Work instructions:
Nothing but the lines below from the one containing "This product has" through the one containing "The Ortur H20" should appear in the answer, exact and without pictures.
[Task material Boundary: Start]
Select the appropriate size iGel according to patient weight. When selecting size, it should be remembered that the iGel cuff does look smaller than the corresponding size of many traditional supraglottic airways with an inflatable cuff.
[Task material Boundary: End]
[Task material Boundary: Start]
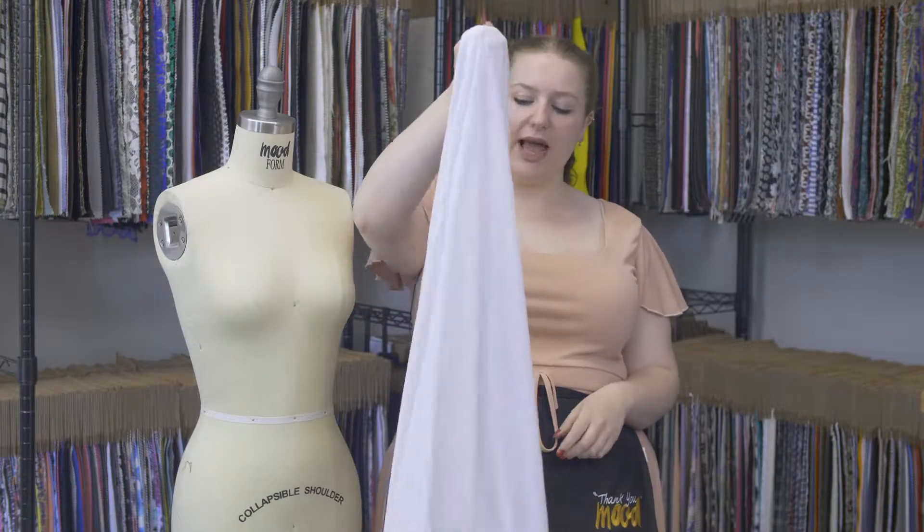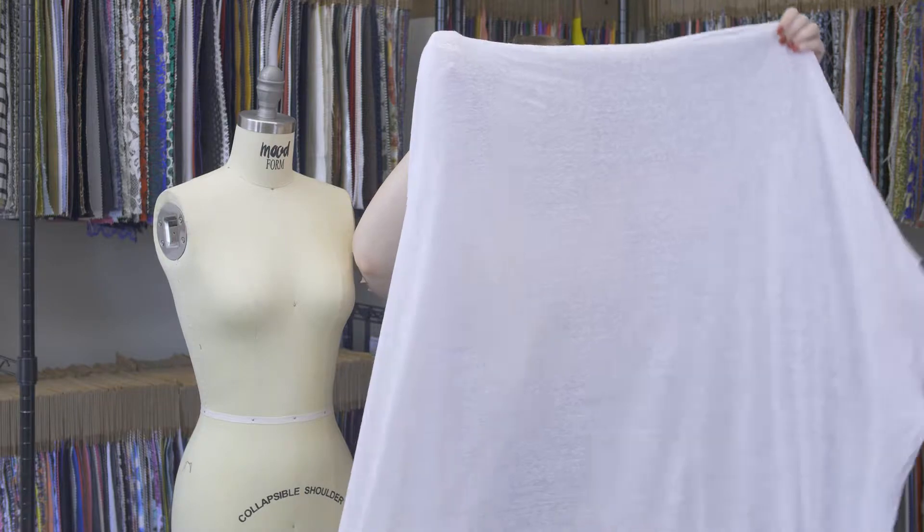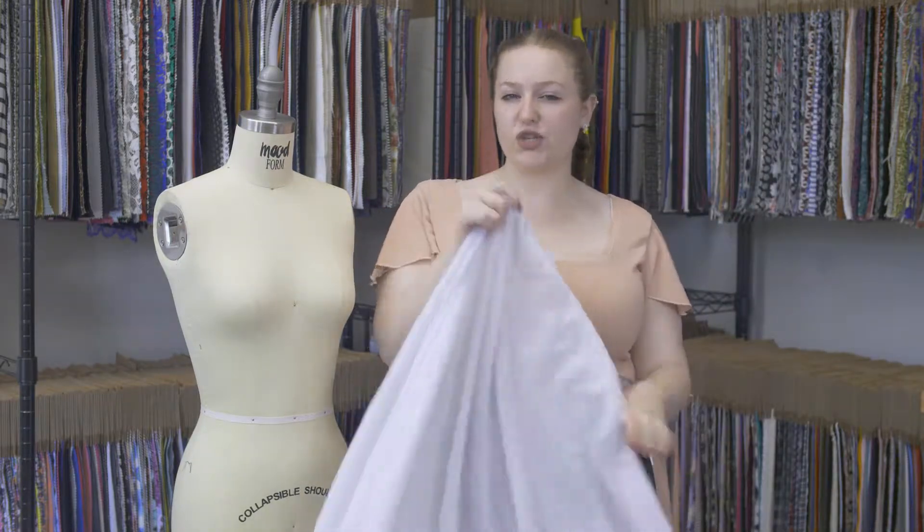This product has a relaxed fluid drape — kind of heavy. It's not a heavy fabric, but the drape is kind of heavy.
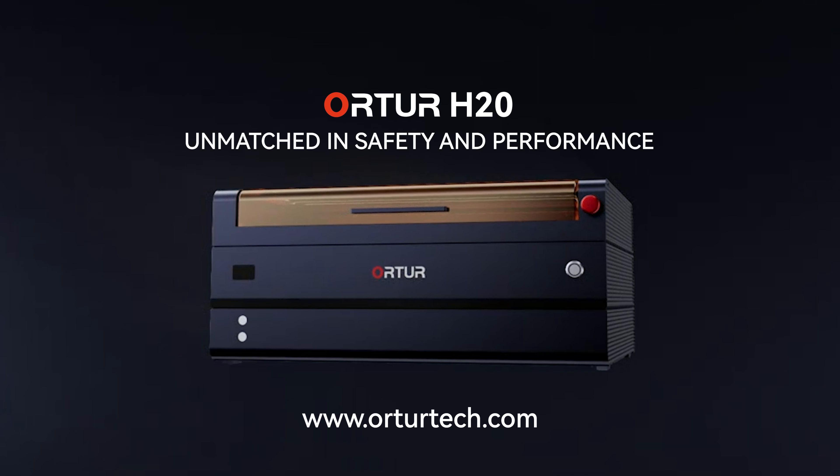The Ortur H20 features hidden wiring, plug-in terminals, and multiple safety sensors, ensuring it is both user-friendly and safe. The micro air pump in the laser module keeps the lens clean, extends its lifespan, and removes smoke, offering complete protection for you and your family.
[Task material Boundary: End]
Solution to this problem:
This product has a relaxed fluid drape — kind of heavy. It's not a heavy fabric, but the drape is kind of heavy.
The Ortur H20 features hidden wiring, plug-in terminals, and multiple safety sensors, ensuring it is both user-friendly and safe. The micro air pump in the laser module keeps the lens clean, extends its lifespan, and removes smoke, offering complete protection for you and your family.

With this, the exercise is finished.